Oh good lord almighty, Author-friends, we knew you were clever and talented BUT REALLY THIS IS TOO MUCH, and, thanks to you, we have spent our ENTIRE WEEKEND IN AN AGONY OF INDECISION. But it was a deliciously happy agony, all the same. We laughed so hard we cried, ladies and gentlemen. We are so proud of you. For reals. EVERY ONE OF YOU deserves a pat on the back and a nice pastry (except for maybe one or two persons who mistook "incorporates foxy assistants" for "please pen a totally delusional and fairly creepy fantasy about the office help," AHEM).

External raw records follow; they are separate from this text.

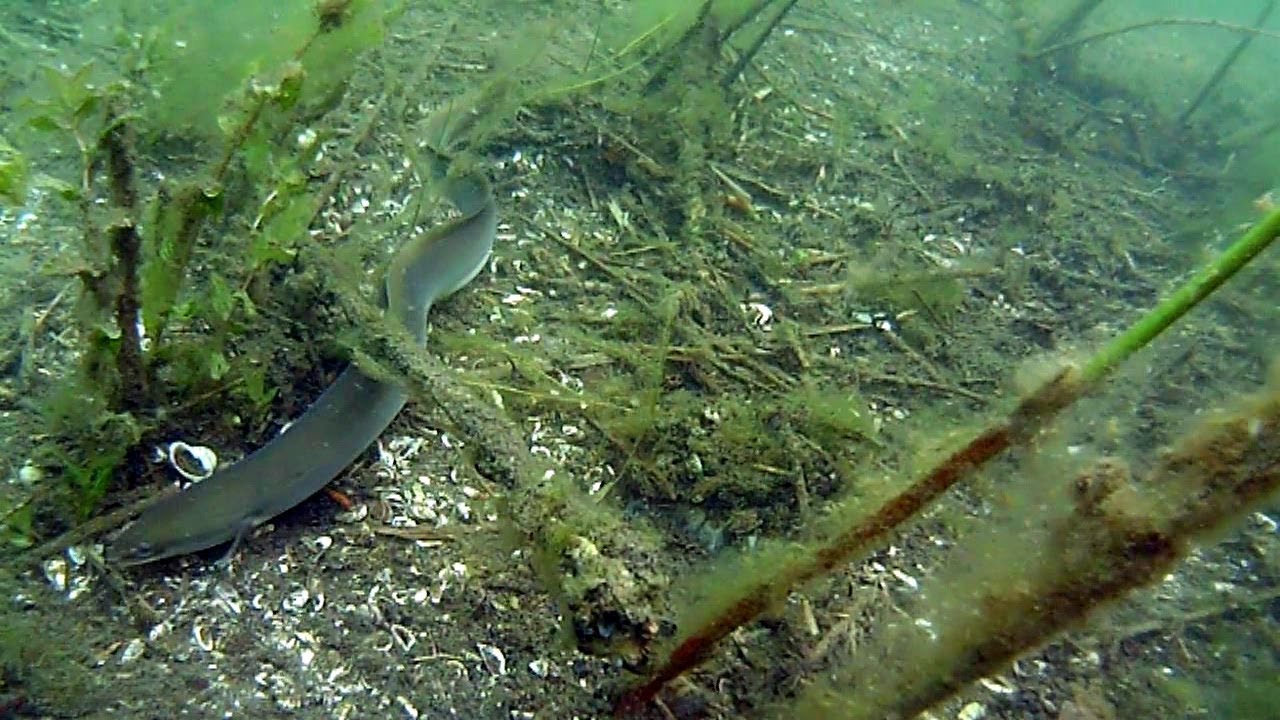 Węgorze / Eels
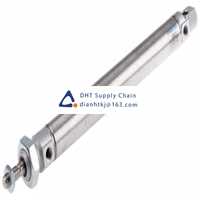 Pneumatic accessories _Festo_DSNU-25-200-PPS-A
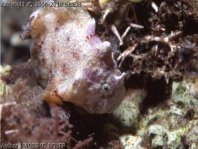 Tuberculated Frogfish - <em>Antennatus tuberosus</em> - "Tuberkel" Anglerfisch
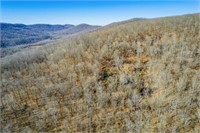 249+/- Acres with Timber - Dry Hollow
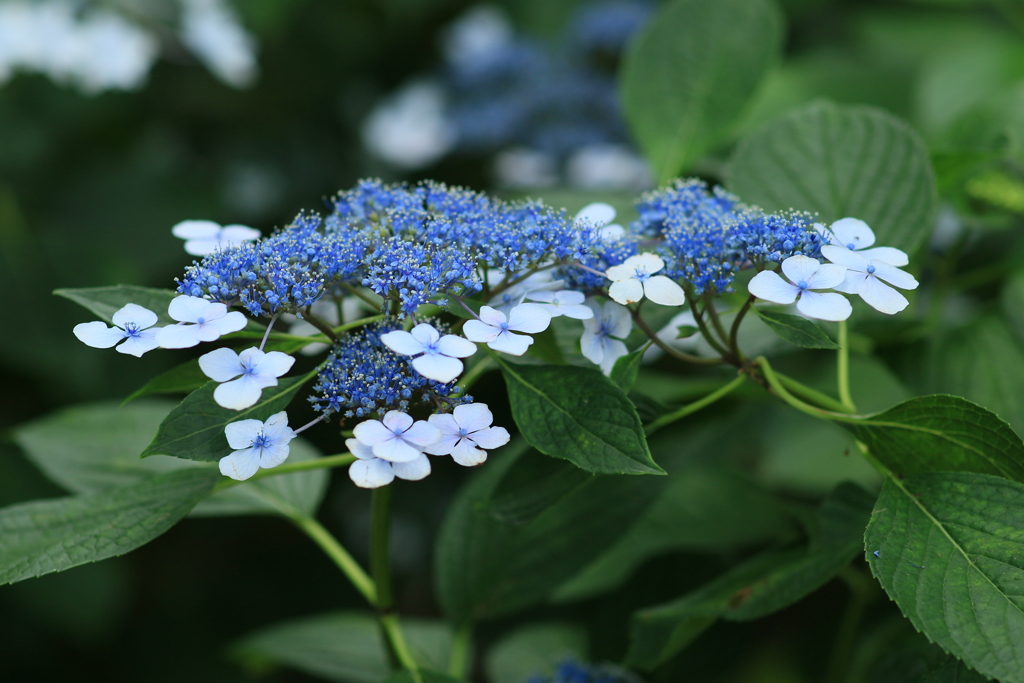 紫陽花13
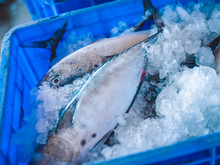 Fish Tuna In Ice In A Box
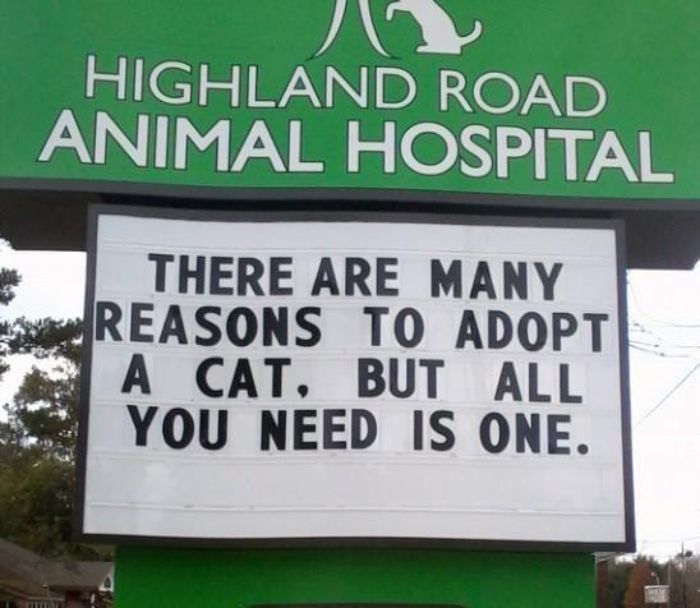 funny cat jokes vet clinic signs reasons to adopt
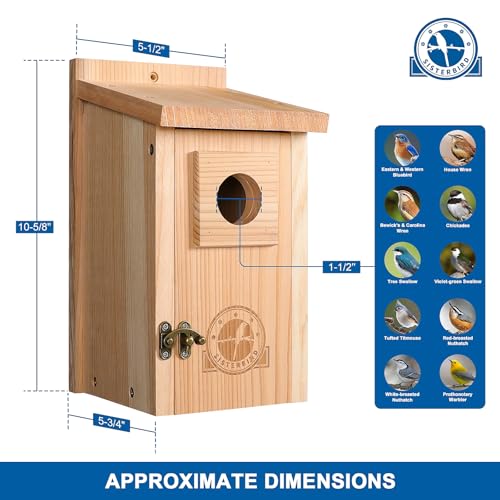 Bluebird-Houses-for-Outside-Blue-Bird-Houses-for-Outdoors-Premium-Bird-House-Pack-of-2-Bluebird-House-Wooden-Birdhouses-Kits-for-Adults-for-Durable-Yard-Decor Bluebird Houses for Outside Blue Bird Houses for Outdoors Premium Bird House Pack of 2 Bluebird House Wooden Birdhouses Kits for Adults for Durable Yard Decor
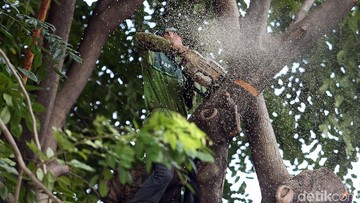 5 Warga Bandung Didenda Total Rp 100 Juta gegara Tebang Pohon Sembarangan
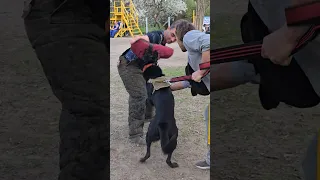 👍Training a powerful grip on a young German Shepherd. Dog training. #СТРАЖ  GUARD Odessa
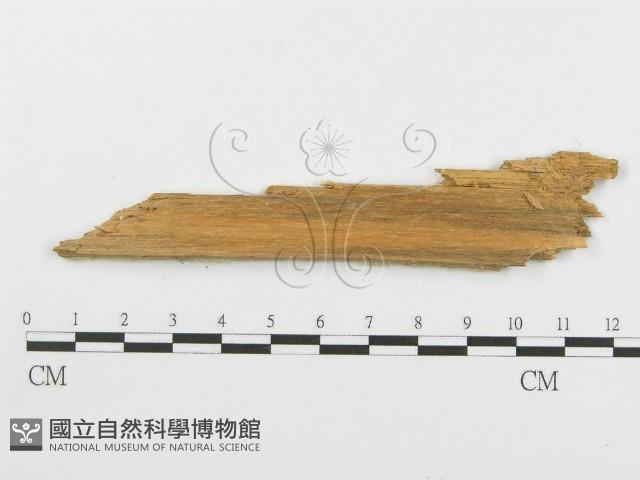 登錄號:F0005739藏品圖，第3張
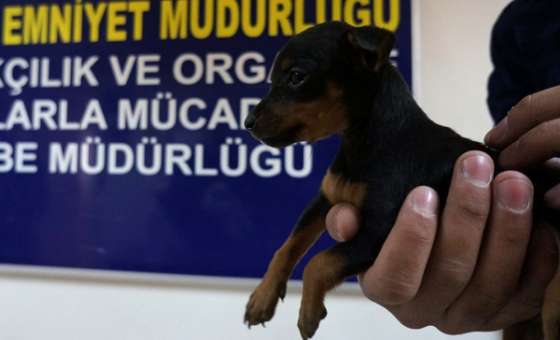 Köpek Yavruları, Polislere Emanet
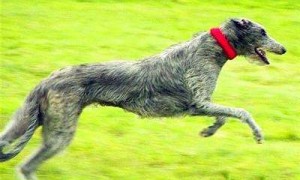 苏格兰猎鹿犬如何训练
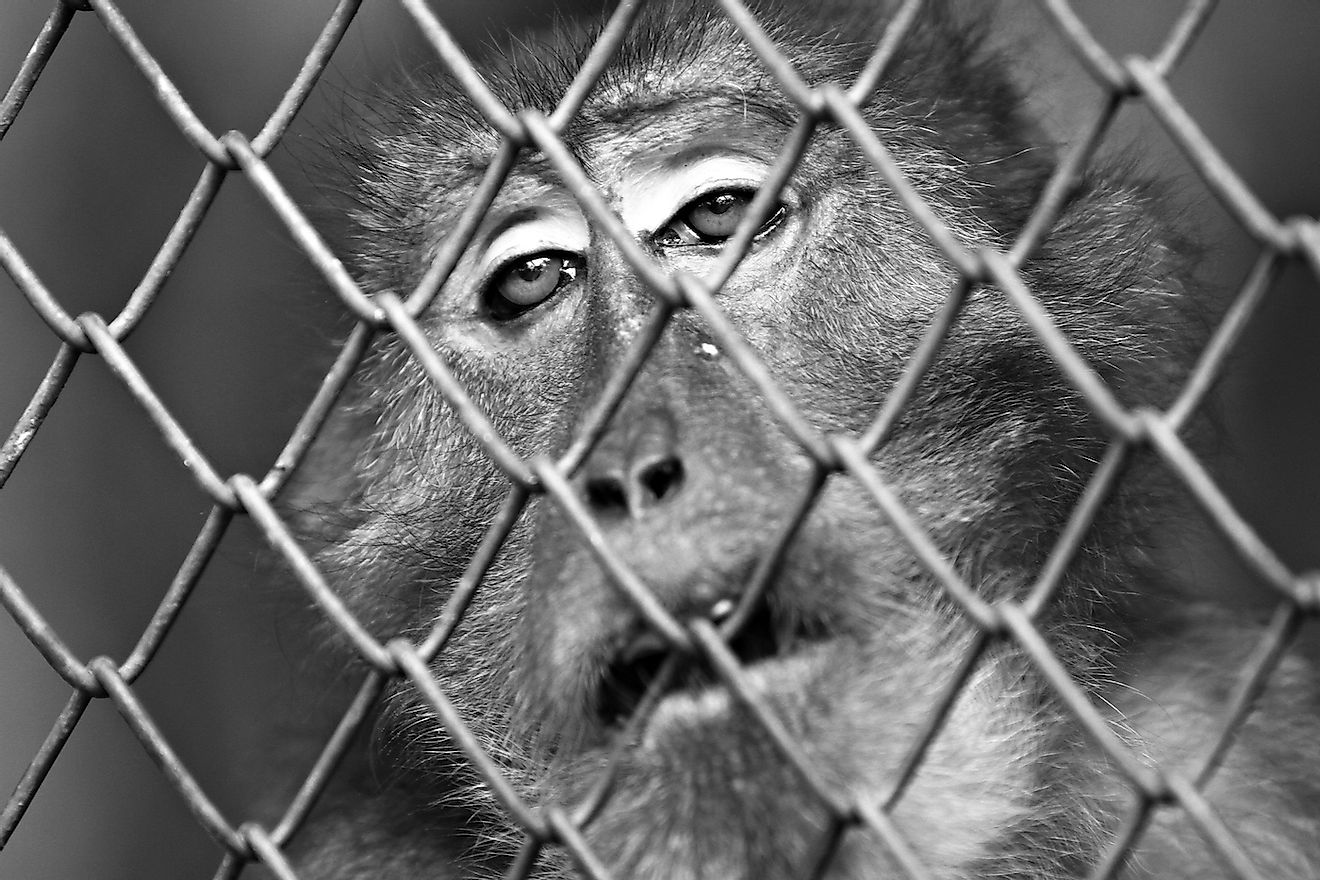 Trapped in a cage for a lifetime, the monkey's eyes says it all. Image credit: Kosin Sukhum/Shutterstock.com
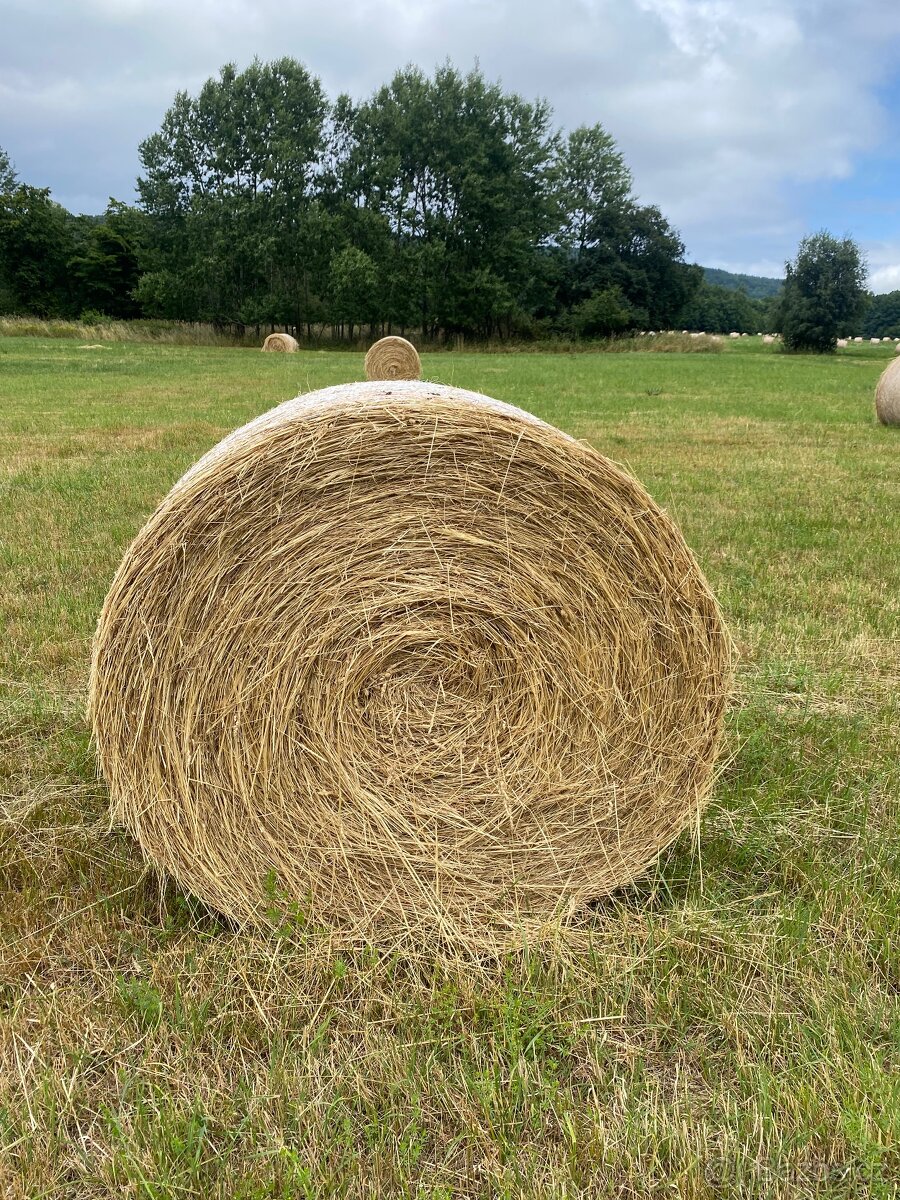 Balíky sena 125cm ekologické nezmoklé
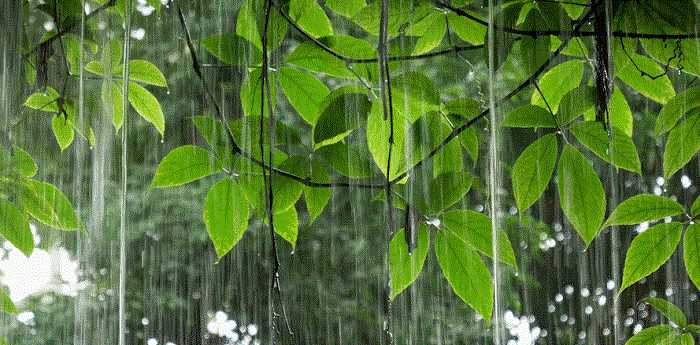 梦到刮风下雨很大是什么意思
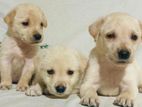 Labrador Puppies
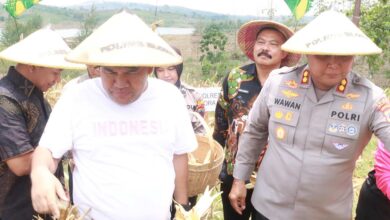 Panen Raya Jagung di Blora Pemkab Bersama Polres dan Kodim Blora Kompak Terjun ke Sawah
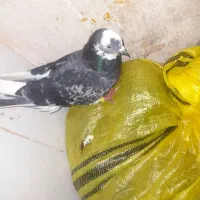 کبوتر|پرنده|مسجد سلیمان, |دیوار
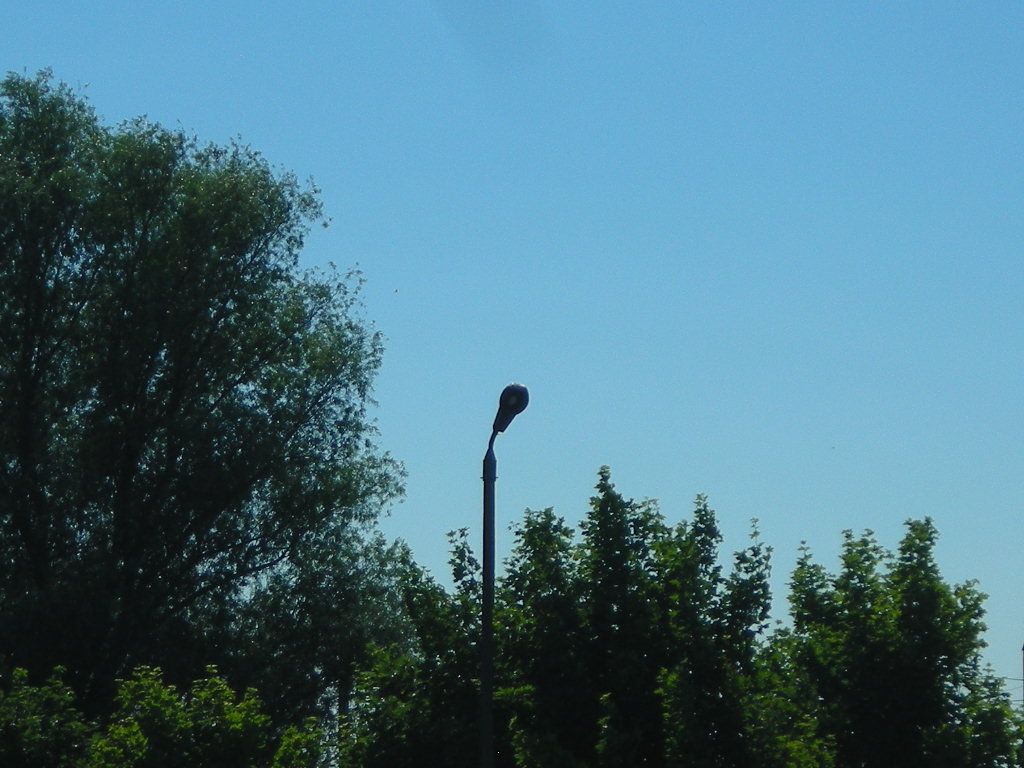 DSCN5930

We were expecting awesome, but we were not expecting quite so much awesome, and thus have revised our contest slightly by incorporating a small quantity of Additional Prizewinning Categories, as is our Prerogative. Because YOU have inspired US to be a little more amazing, ALL of the following longlist of persons may feel free to email us at rejectionistandyourmom [at] gmail.com with your mailing address and, as promised, either your query letter or the first five pages of your manuscript, and we will presently a. mail you a treatlike item and b. provide you with insightful critique of said query letter/pages BECAUSE THAT IS THE SORT OF GENEROUS, SELFLESS PERSON WE ARE.


And now! THE WINNERS!

HONORABLE MENTIONS; Or, The Longlist of True and Total Amazement

Best Musical Number: Jess Haines

Best Zombie/Best Insinuation That Reading Young Adult Literature Is More Fun Than Our Actual Job, Which is Definitely True: Rachel Menard

Best Usage of the Acrostic From Someone Who Probably Does Not Need Our Help With a Query Letter: Janet Reid

Most Pleasing Haiku: Hiero

Most Delightfully Succinct and Deliciously Subtle: scott g.f.bailey

Most Severely Mindblowing Misappropriation of Canonical Text To Create A Narrative That Cannot Exactly Be Described As a Form Rejection But Is So Amazing We Had To Make Up A Special Category For It: A TIE between Ink ("OMFG MY HEAD JUST MELTED," says Chérie L'Ecrivain) and Ulysses ("ULYSSES WINS, although he seems to be laboring under the misapprehension that you have cleavage," says Chérie L'Ecrivain)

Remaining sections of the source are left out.